La Vie En Rose—or as it's known in France, La Môme—lushly evokes the life and career of internationally successful chanteuse Edith Piaf. Even in squalor, Olivier Dahan's big-scale bio-epic is lush, all a part of emphasizing (as if it needs to be emphasized) Piaf's musical martyrdom. Though it's one wrenching moment after another, they're mitigated by music. When the film opens with the song "Heaven Have a Mercy," audience should get an idea of what they're in for: Piaf's "lung power" and unrelenting personal trials.

Dahan's treatment of Piaf (co-written by Isabelle Sobelman) is almost guaranteed to madden both those who know every detail of Piaf's life and those who know nothing about her. Absent are any mentions of her substantial role in the French Resistance or her discovery of Yves Montand, and characters routinely appear and disappear with not so much as an expository explanation. We do get Marlene Dietrich, like Orson Welles in Ed Wood, floating through to tell Piaf, "Your voice is the soul of Paris," and at one point, Dahan even throws in a spirit watching over Piaf.

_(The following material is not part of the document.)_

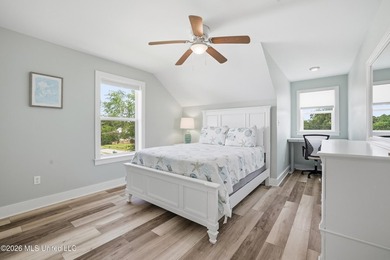 Just 1/2 mile from the beach, this adorable 4-year-young cottage - photo 31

The sticking point for Piaf neophytes is Dahan's flashback-flashforward structure, which is either artful or a desperate attempt to "find" the film in the editing room. It's needlessly complicated but not entirely chaotic, and Dahan attempts to suggest, in the late going, a method to the narrative madness: what we see may be her life as remembered from her deathbed. The technique is poetically fragmentary, as when Piaf, learning of a lover's death, stumbles from her hotel suite onto a concert-hall stage, once more to pour her heart out. In this torrid story, each scene is an art song of misery. (As for the vocals heard in the film, they're often Piaf but sometimes soundalike Jil Aigrot, in the interest of sound quality.)

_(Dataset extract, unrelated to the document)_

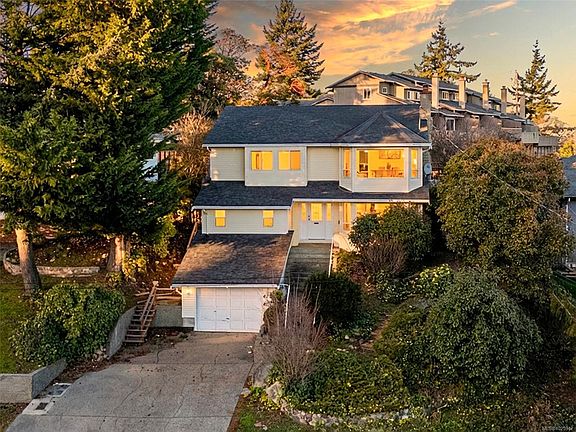 2nd image of 628 Cairndale Rd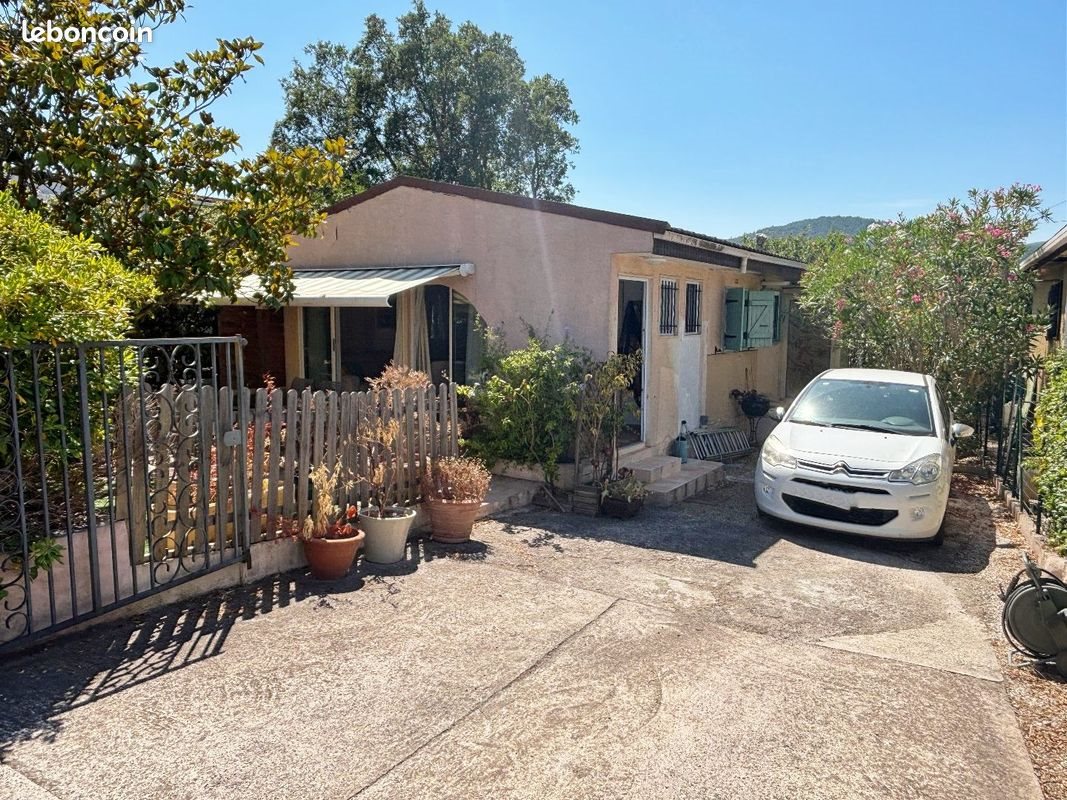Maison à vendre, 56m², Roquebrune-sur-Argens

After a while immersed in the 140-minute film, one may feel in the midst of one of Piaf's own clouded head trips, brought on by a combination of illness, grief, and substances. In a striking, strident turn, Marion Cotillard takes the tack that Piaf was larger than life, so the actress' performance must be equally risky. Cotillard portrays Piaf as mercurial and reckless, but one who wields her ego in ways that are keenly productive. When told, "You can't do this," she responds, "I can't? Then what's the point of being Edith Piaf?" Touché. A doctor tells her, "You're playing with your life." "You have to play with something," she answers. The hugely ambitious Dahan evidently sees a soul mate in his subject.

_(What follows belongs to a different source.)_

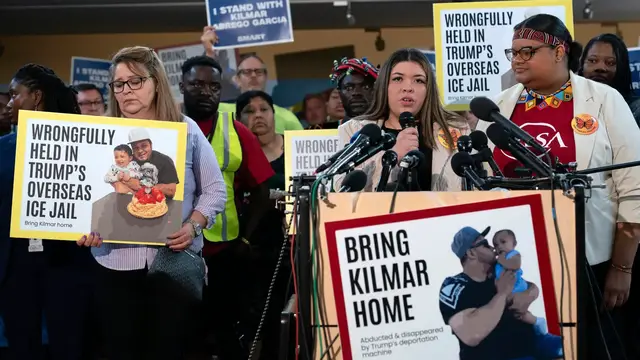 'Video thumbnail for US judge finds probable cause for contempt against White House over deportation flights'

There's some magnificent Steadicam work (as when Piaf discovers a body), tasteful use of special effects to fill in period settings, and plenty of intriguing cinematic staging. Dahan plays Piaf's concert-hall debut silent, a counter-intuitive but powerful choice. In the final equation, Dahan deserves the benefit of the doubt for his often stunningly realized film, which is more a visual-aural poem about Piaf than a definitive bio-epic of Piaf's complex life story. Cotillard as Piaf and the music of the "little sparrow" are reasons enough to see La Vie En Rose.